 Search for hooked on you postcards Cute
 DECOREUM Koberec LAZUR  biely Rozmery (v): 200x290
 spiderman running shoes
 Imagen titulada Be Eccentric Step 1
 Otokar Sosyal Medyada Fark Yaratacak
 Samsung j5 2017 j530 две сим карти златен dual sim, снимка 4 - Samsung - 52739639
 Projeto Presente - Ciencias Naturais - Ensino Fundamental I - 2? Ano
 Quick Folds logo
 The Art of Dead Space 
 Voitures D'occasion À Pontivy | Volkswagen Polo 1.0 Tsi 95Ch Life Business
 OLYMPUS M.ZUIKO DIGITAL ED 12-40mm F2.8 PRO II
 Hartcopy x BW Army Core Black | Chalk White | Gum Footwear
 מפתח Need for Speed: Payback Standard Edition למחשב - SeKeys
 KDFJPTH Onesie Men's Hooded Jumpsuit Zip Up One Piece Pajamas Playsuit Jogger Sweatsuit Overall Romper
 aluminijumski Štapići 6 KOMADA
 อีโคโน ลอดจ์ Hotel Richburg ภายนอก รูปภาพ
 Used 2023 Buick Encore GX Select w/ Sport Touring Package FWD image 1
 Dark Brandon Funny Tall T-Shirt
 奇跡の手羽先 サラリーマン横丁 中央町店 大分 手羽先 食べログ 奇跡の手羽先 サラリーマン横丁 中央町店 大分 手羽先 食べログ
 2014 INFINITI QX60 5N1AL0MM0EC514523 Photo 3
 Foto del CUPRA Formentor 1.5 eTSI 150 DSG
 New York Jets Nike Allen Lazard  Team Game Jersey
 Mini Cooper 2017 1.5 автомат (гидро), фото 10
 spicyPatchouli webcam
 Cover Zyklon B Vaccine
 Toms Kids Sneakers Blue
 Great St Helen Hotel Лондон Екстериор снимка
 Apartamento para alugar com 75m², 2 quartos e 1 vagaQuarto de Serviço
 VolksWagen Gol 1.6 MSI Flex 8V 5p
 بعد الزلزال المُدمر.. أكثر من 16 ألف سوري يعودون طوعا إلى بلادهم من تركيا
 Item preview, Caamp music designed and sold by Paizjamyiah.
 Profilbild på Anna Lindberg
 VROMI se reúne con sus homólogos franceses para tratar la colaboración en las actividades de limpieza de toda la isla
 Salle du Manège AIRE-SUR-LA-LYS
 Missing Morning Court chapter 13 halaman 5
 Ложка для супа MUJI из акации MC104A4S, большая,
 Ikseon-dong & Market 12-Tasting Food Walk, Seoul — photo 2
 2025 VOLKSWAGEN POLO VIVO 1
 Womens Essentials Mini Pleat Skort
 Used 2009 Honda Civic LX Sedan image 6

> _Instructions to follow_:
Look through the entries above and find each line where the word "para" occurs; copy those lines.

> _Exercise response_:
 Apartamento para alugar com 75m², 2 quartos e 1 vagaQuarto de Serviço
 VROMI se reúne con sus homólogos franceses para tratar la colaboración en las actividades de limpieza de toda la isla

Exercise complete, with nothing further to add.